In my previous post--Father and Son Elk Hunts--I stated that fathers and sons seemed to have more realistic expectations for their hunts.
A reader emailed me and asked, "What are realistic expectations?"
Before I answer that you might look at another post--Can ya' shoot that there thing?
In that post I stated, "As a rule, about 98-100 percent of hunters had the opportunity to take a 5X5 bull or greater, but only about 60 percent ever succeeded." It should also be noted that the hunters I took were on seven-day hunts. That means that they rode in on day one, hunted on days two through six and rode out of the wilderness on day eight. Additionally, the discrepancy from 100 percent to 60 percent was usually a matter of shooting. In that vein, when shooters have not trained to shoot, then small things like excitement, adrenaline and physical effort wreck a hunter's marginal shooting ability.
With that said it is interesting to look for facts from the source--Montana Fish, Wildlife and Parks. You can go to their web page titled, Harvest & Hunt Reports. It has most of the reports from years 1999-2005 for antelope, black bear, deer, elk, furbearers, moose, sheep, goat, and upland game birds. Reports for later years have not been completed yet.
Percent success for elk hunters in Montana for the years 1999-2002 was 16.7%, 24.5%, 18.0%, and 19.5%, respectively. For those same years it took the following number of hunter days to harvest one elk: 1999-44.4, 2000-29.1, 2001-40.1, 2002-37.1 days.
For Region 4 where my camp was located the success was 1999-17.5%, 2000-21.7&, 2001-18.6%, 2002-21.2&. Days to harvest ran from 26.8 days in 2000 to 34.1 days in 1999.
These numbers are overall success. FWP statistics further define success by the percent of cows and calves harvested within the overall success. Most regions harvest 50 to 54% cows and calves. That leaves less than 50 percent to all bulls--including spikes.
So, what are "realistic expectations?"
Take it from Larry from Florida (in photo above). This was his first elk. It was also his first elk hunt. And, his first trip to Montana's wilderness. He shot the first elk he considered. It was on the sixth day of his eight-day hunt. He has quite a story to tell about this elk. First thing off the horses, he couldn't get the bolt open on his Browning BAR. We had to do what we used to do with M60 Machine Guns that jammed--we "kick started them." Put the edge of your boot on the charging handle and jump on it. (there is a learning lesson here: Rifles held in scabbards on horses tend to gather some moisture. In below zero weather, rifles, triggers and scopes do not always perform as they would in sunny land. Hint-oil doesn't help; it turns to a thick sludge below zero.) Back to Larry, and his guide Don Otto. They walked up a small ridge and two bulls were bedded. They were only about 50 yards away. The bulls got up, looked at Larry and Don. Don asked Larry if he liked either one. Larry replied by shaking his head up-and-down, sighted and shot.

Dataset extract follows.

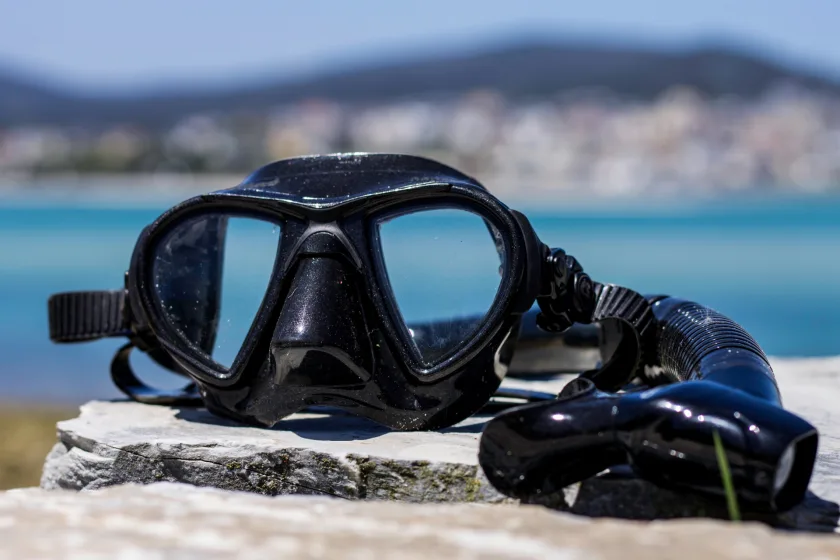 Masque de plongée noir et tuba sur un mur de pierre, mer en arrière-plan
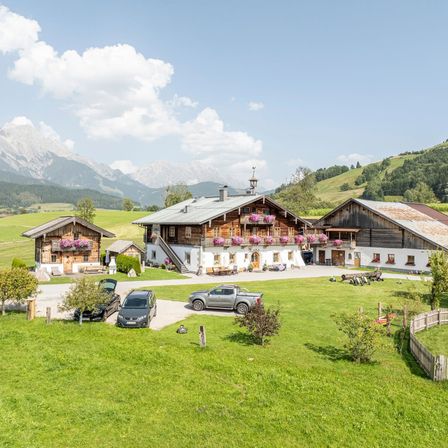 Luftaufnahme eines Bauernhofs mit mehreren Gebäuden, einem großen zentralen Haus mit Blumen auf dem Balkon und zwei kleineren Häusern. Drei Autos sind vor dem Hof geparkt, mit Bergen im Hintergrund.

My comments to people who say they are "trophy hunters," is that after over a hundred years of records being kept by Boone & Crockett, and others, there is still only ONE NUMBER ONE elk. That is a fact. Another fact--from both me and FWP--is that most elk hunters are not successful. And, the ones that are take more cows and calves than bulls.

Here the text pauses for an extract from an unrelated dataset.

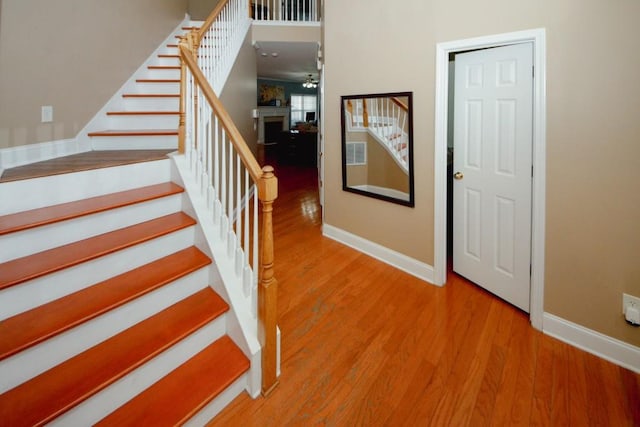 stairway with a fireplace, baseboards, and wood finished floors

Shoot the first elk that looks good. Don't sell yourself short. Plan your hunt. Quantify what you want out of your hunt--a bull, an elk, a wilderness experience, a reason to get out of town and have fellowship with like-minded people. Maybe all of the above. Maybe only a few of those elements interest you. Just keep that in mind when planning your hunt and contacting potential outfitters, guides etc. Caveat emptor.